Vendor Take Back

Last updated: March 22, 2024

What Does Vendor Take Back Mean?

A vendor take back is a type of non consideration often used by buyers to finance the total purchase price of a company. It provides a buyer with a source of financing without having to access the external debt market and pay fees. For the seller, it is a good alternative to receiving cash or stock in the buyer depending on how favorable the interest and terms of the vendor take back are.

Vendor take backs are either unsecured or secured but subordinated to senior debt. This makes the debt more risky, which allows it to command a higher interest rate or other premium terms such as equity kickers. While terms can vary, a typical vendor take back will pay interest only for a period of time with principal repayments being made out of the company’s free cash flow before any dividends are paid.


Divestopedia Explains Vendor Take Back

Vendor take backs are more commonly used in companies that do not have a significant asset base to borrow senior financing against. The company generates good free cash flow, but banks may be willing to lend only up to a certain percentage of the asset base leaving the buyer short.
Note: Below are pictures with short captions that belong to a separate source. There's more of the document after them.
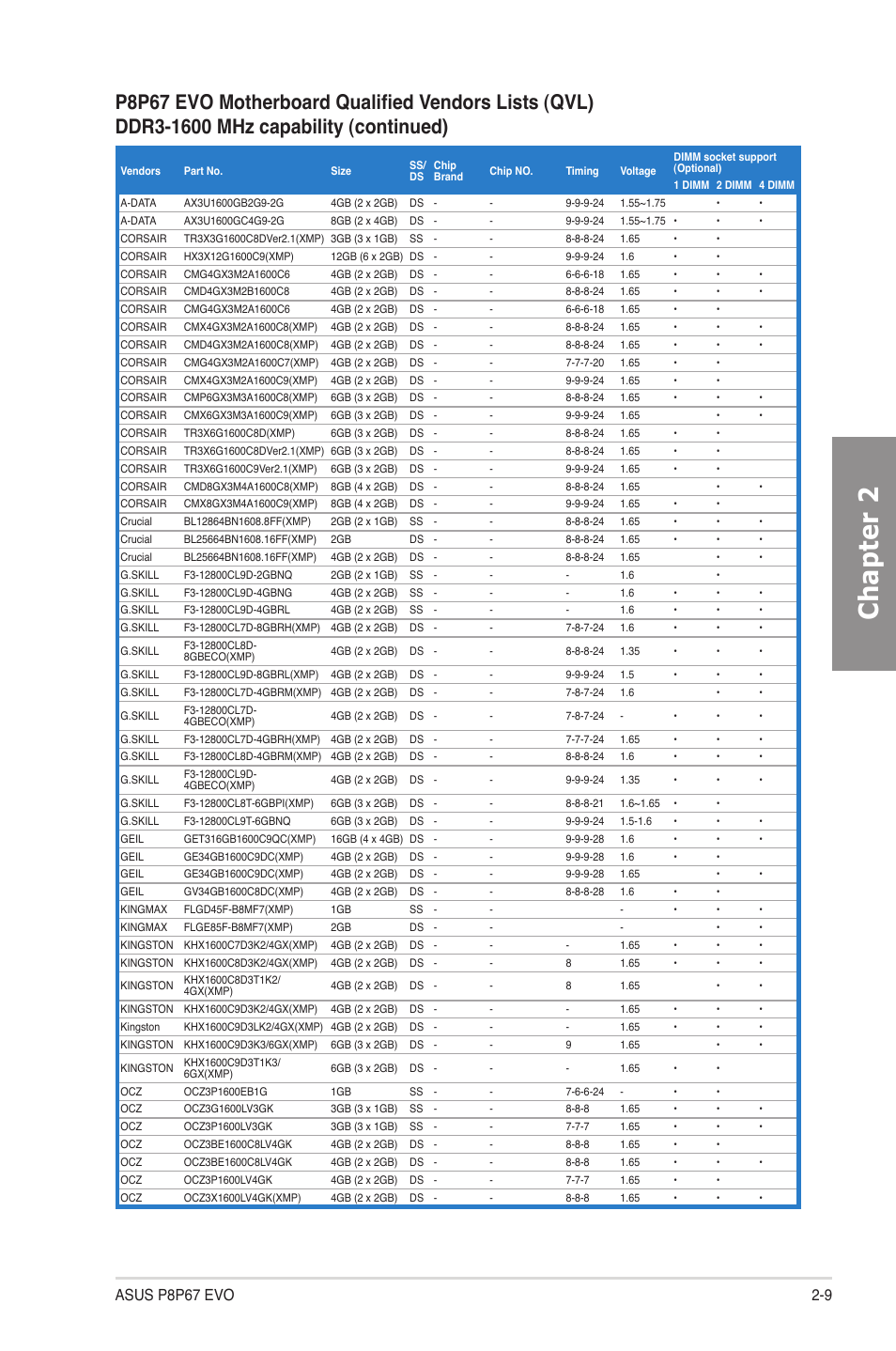Chapter 2 | Asus P8P67 EVO User Manual | Page 27 / 134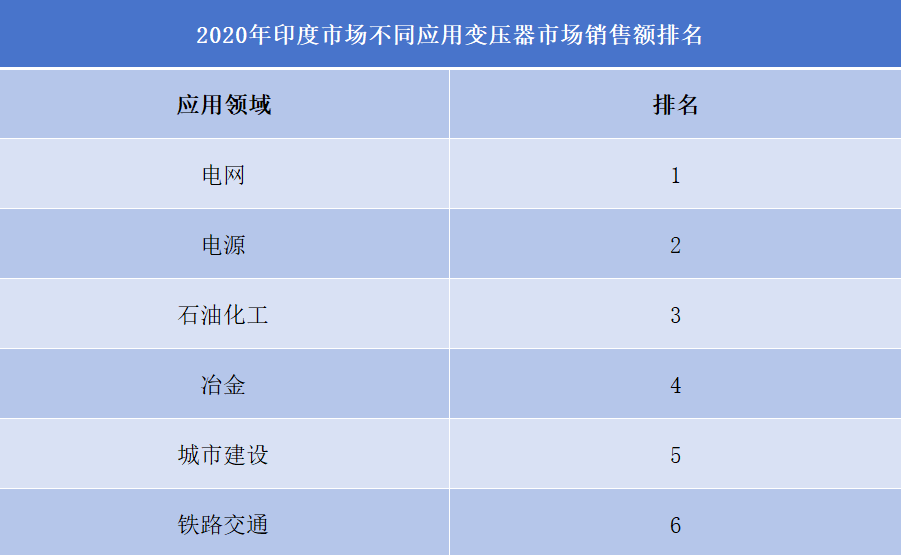2020年印度市場不同應(yīng)用變壓器市場銷售額排名 2020年印度市場不同應(yīng)用變壓器市場銷售額排名
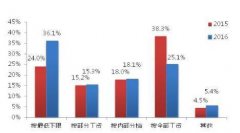 中國企業社保白皮書2017：超七成企業低繳社保透支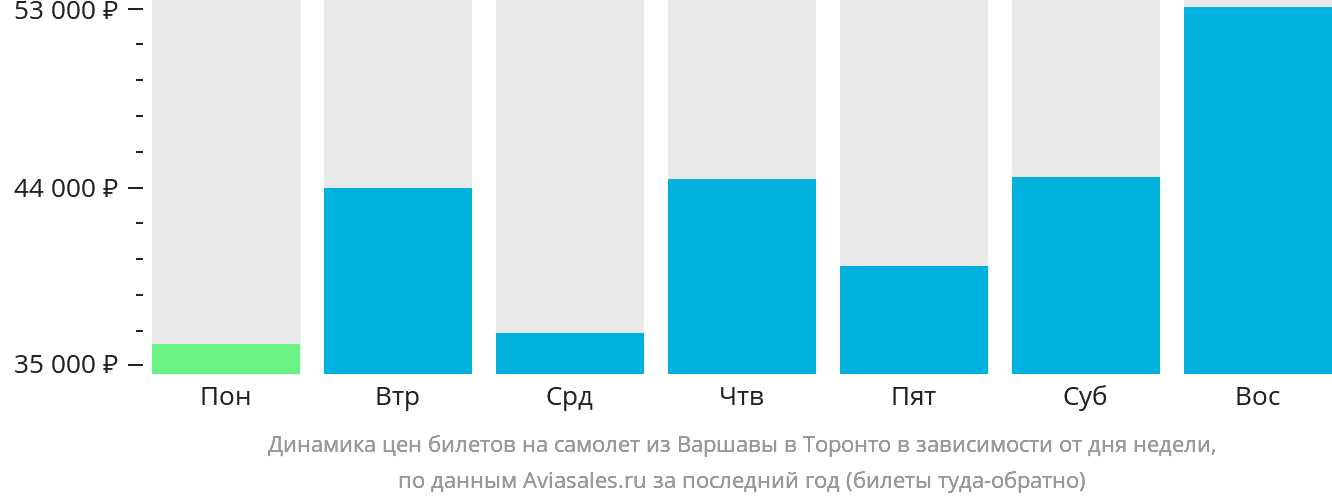 Динамика цен билетов на самолёт из Варшавы в Торонто в зависимости от дня недели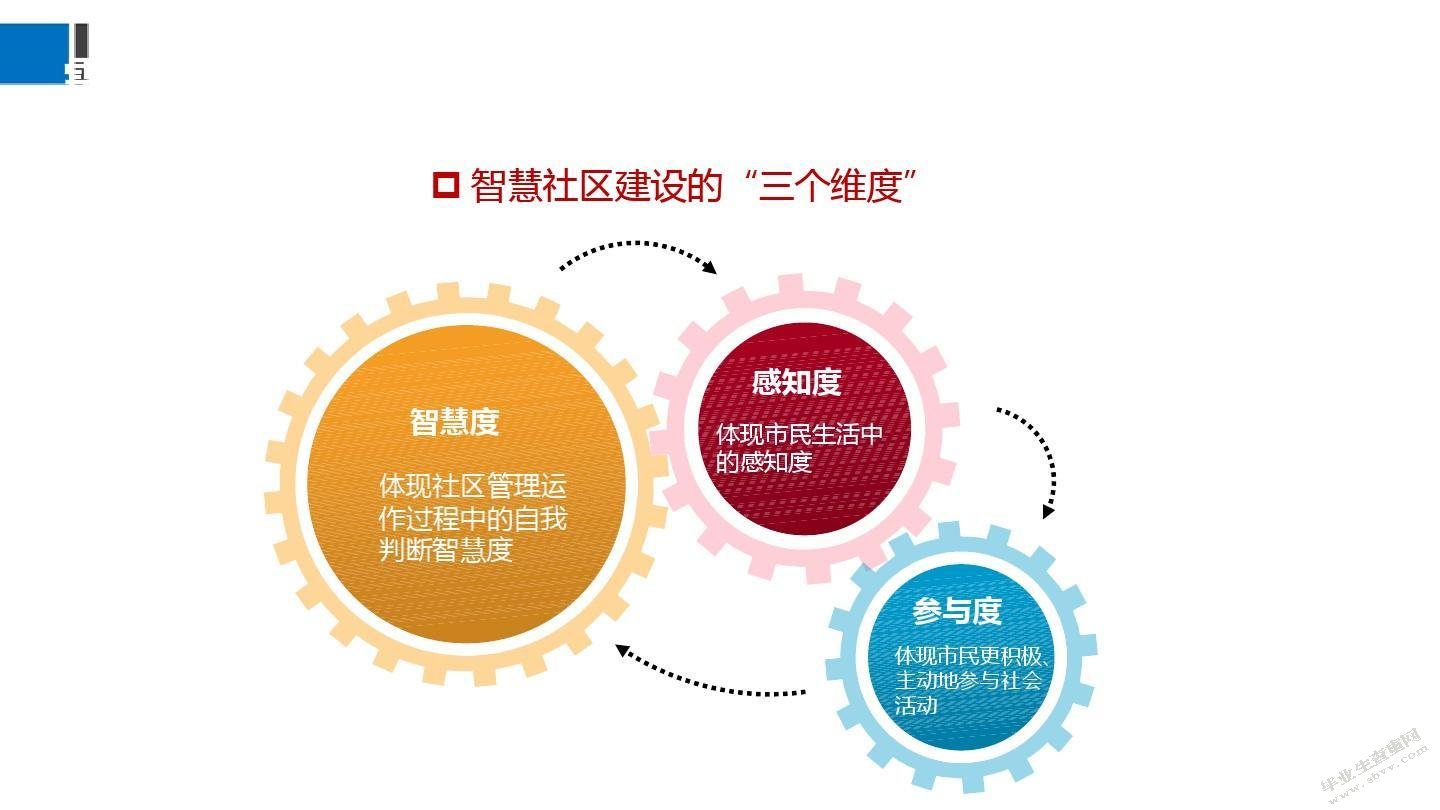山西省城市社区管理中存在的问题及对策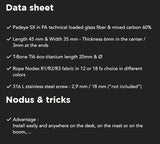 Nodus Factory Padeye SX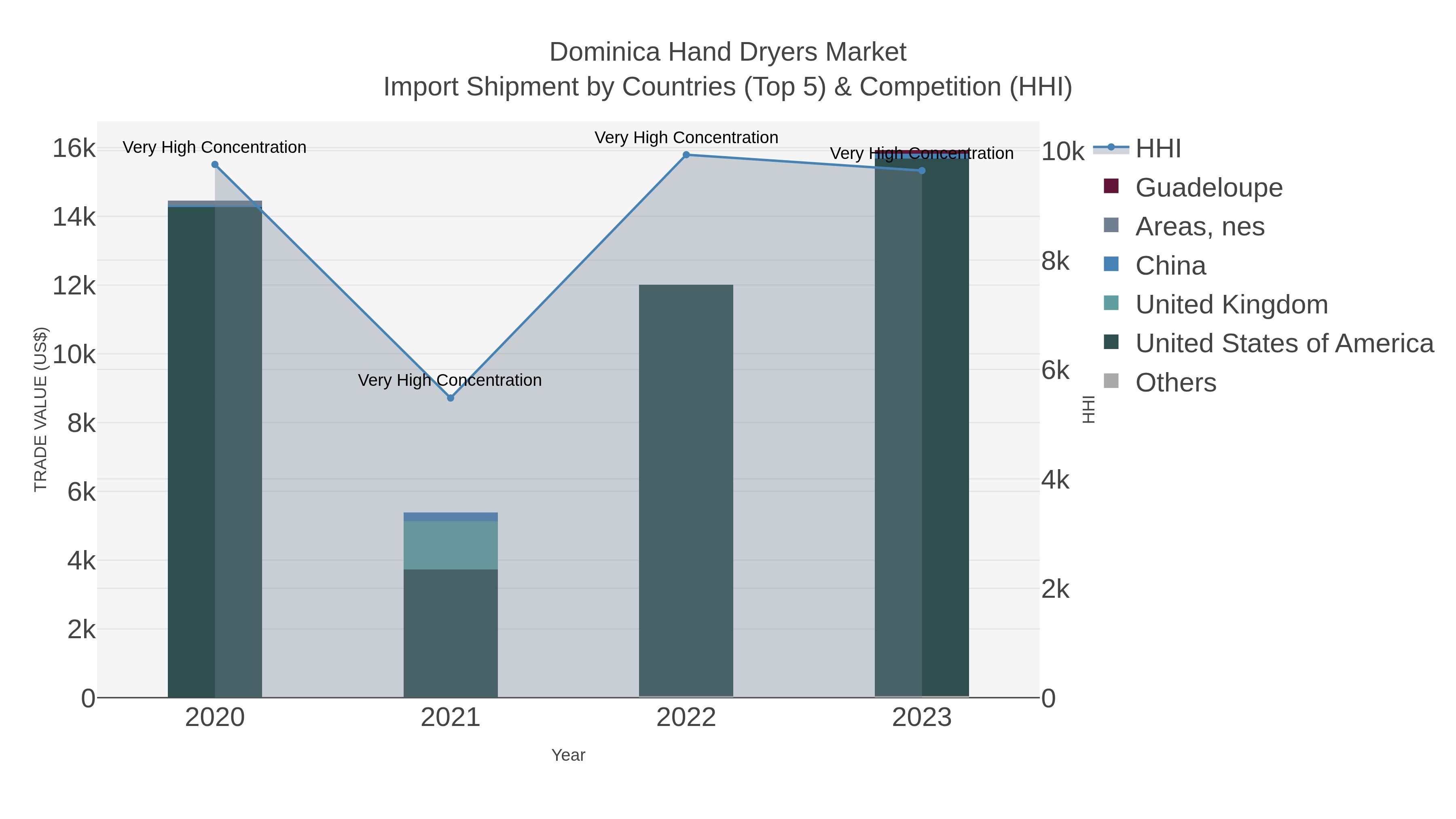 Dominica Hand Dryers Market Import Shipment by Countries (Top 5) & Competition (HHI)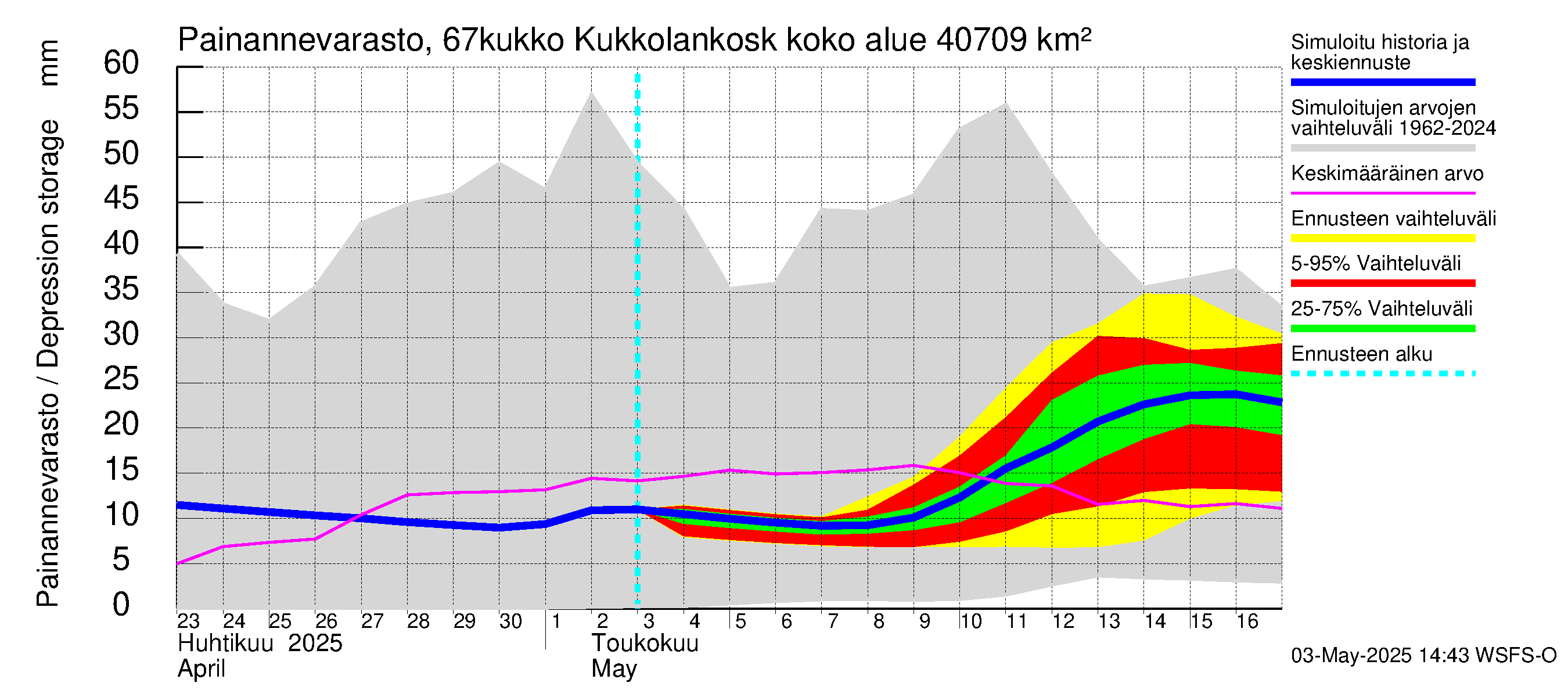 Tornionjoen vesistöalue - Kukkolankoski: Painannevarasto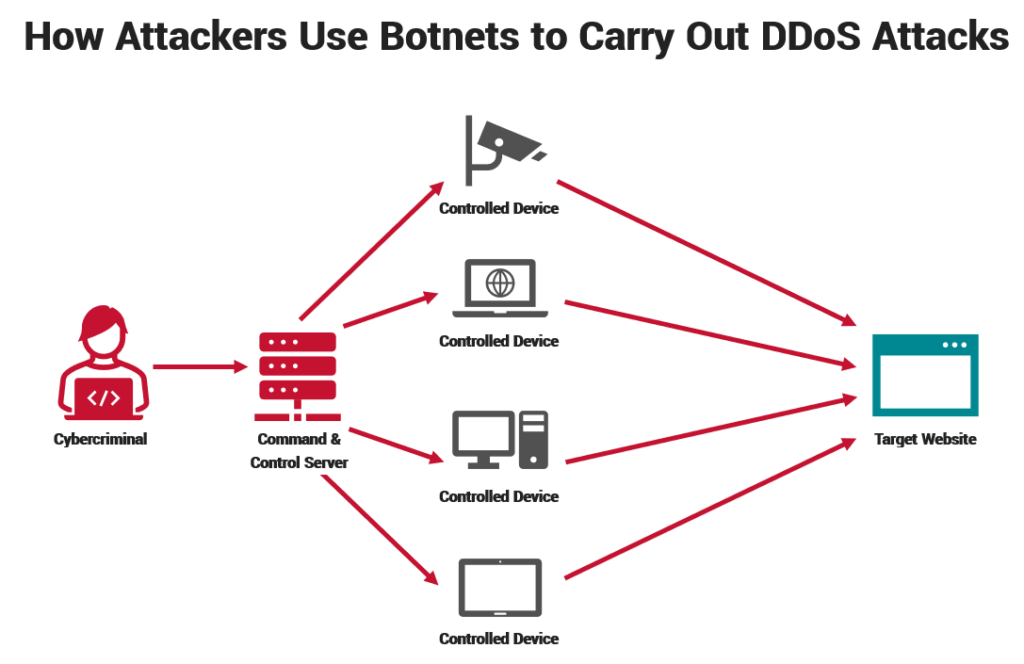 DDOS Attacks Illustration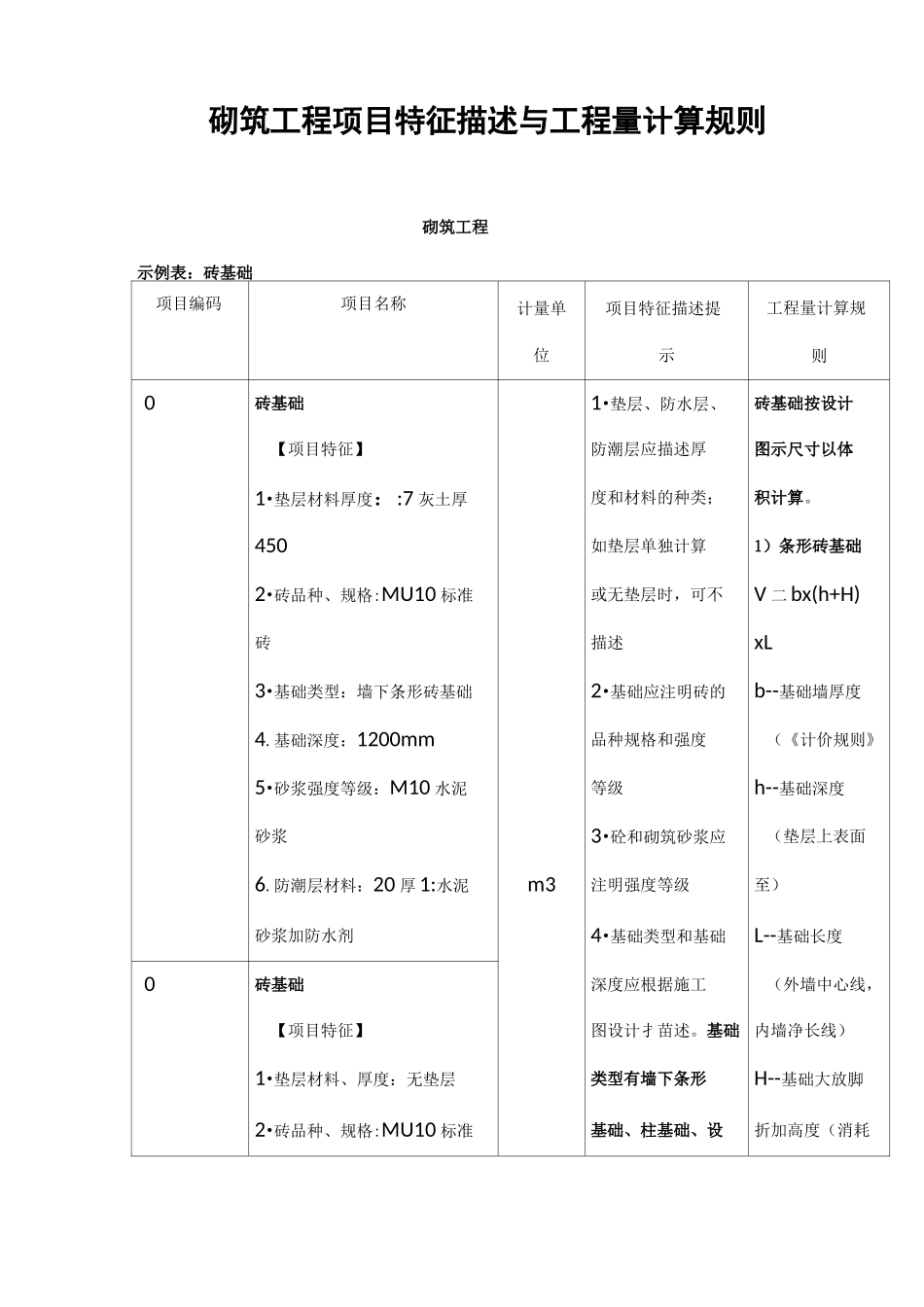 《砌筑工程项目特征描述与工程量计算规则》_第1页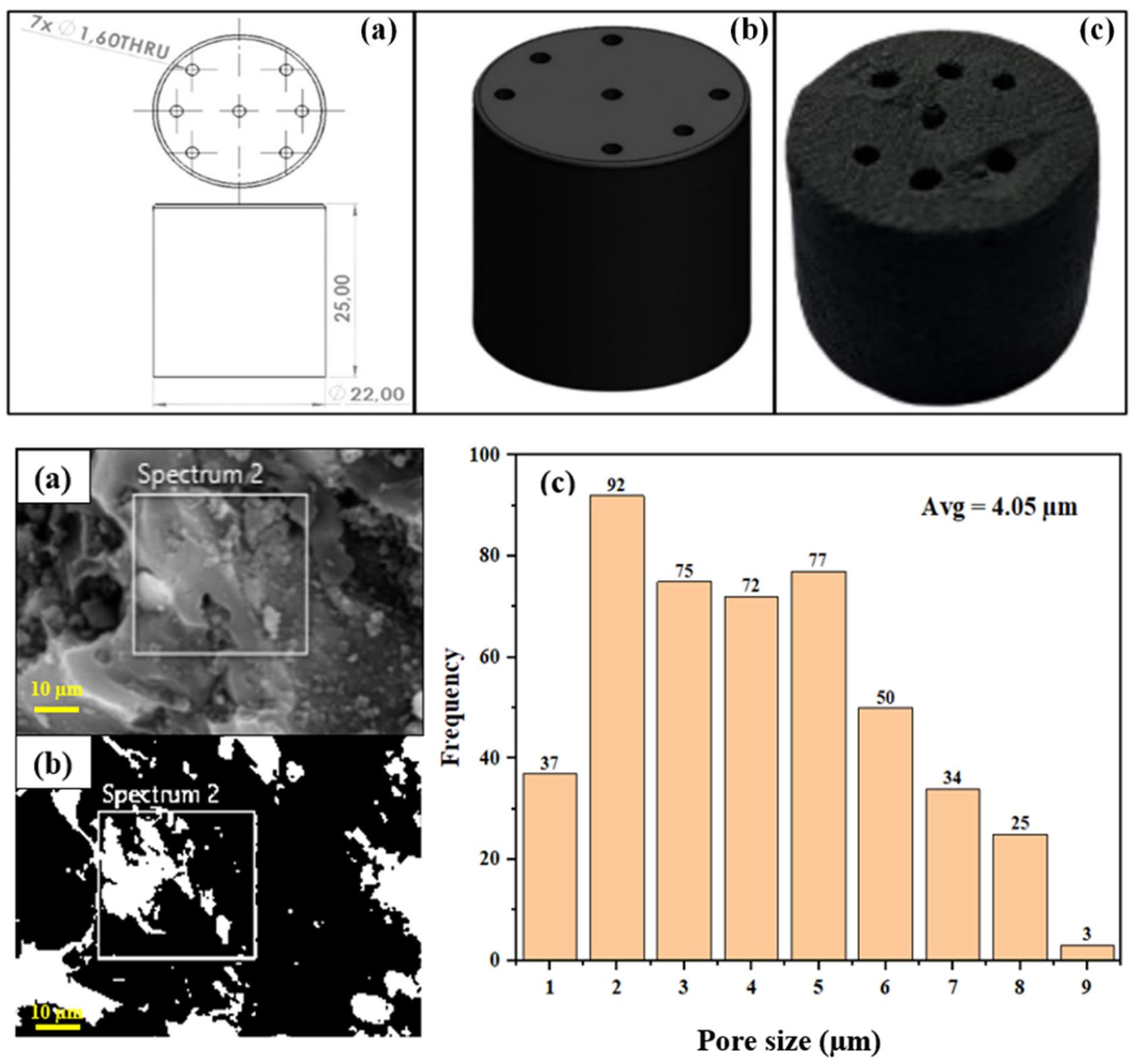 Eco-Friendly Catalytic Converters: Synthesis, Testing, and Engine Performance Evaluation of Rice Husk Waste-Derived Activated Carbon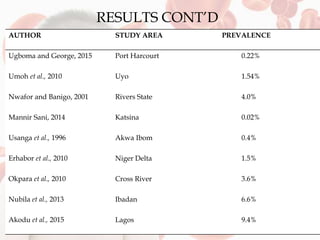 RESULTS CONT’D
AUTHOR STUDY AREA PREVALENCE
Ugboma and George, 2015 Port Harcourt 0.22%
Umoh et al., 2010 Uyo 1.54%
Nwafor and Banigo, 2001 Rivers State 4.0%
Mannir Sani, 2014 Katsina 0.02%
Usanga et al., 1996 Akwa Ibom 0.4%
Erhabor et al., 2010 Niger Delta 1.5%
Okpara et al., 2010 Cross River 3.6%
Nubila et al., 2013 Ibadan 6.6%
Akodu et al., 2015 Lagos 9.4%
 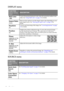 Page 48Operation 48
DISPLAY menu
SOURCE menu
FUNCTION
(default setting/
value)DESCRIPTION
Wall Color
 (Off)Correct the projected picture’s color when the projection surface is not 
white. See Using Wall Color on page 35 for details.
Aspect Ratio
(Auto)There are four options to set the images aspect ratio depending on your 
input signal source. See Selecting the aspect ratio on page 34 for 
details.
Keystone
(0)Corrects any keystoning of the image. See Correcting keystone on page 
33 for details.
Position...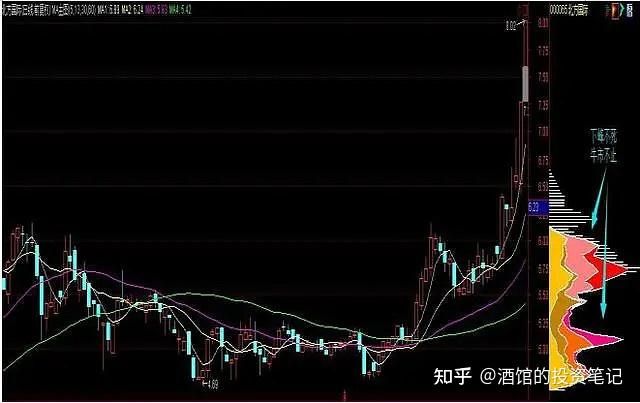 庄家能把散户看透到什么地步？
The vendor take back is then used to bridge the gap between financeable assets via traditional asset backed lending and the company’s enterprise value.

Sellers must scrutinize vendor take backs closely to ensure the interest rate is high enough to match with the debt’s risk. Sophisticated buyers may pay a lower interest rate that may be higher than the going market rate, but could be too low given the company’s unique risk profile and volatility of its future cash flow.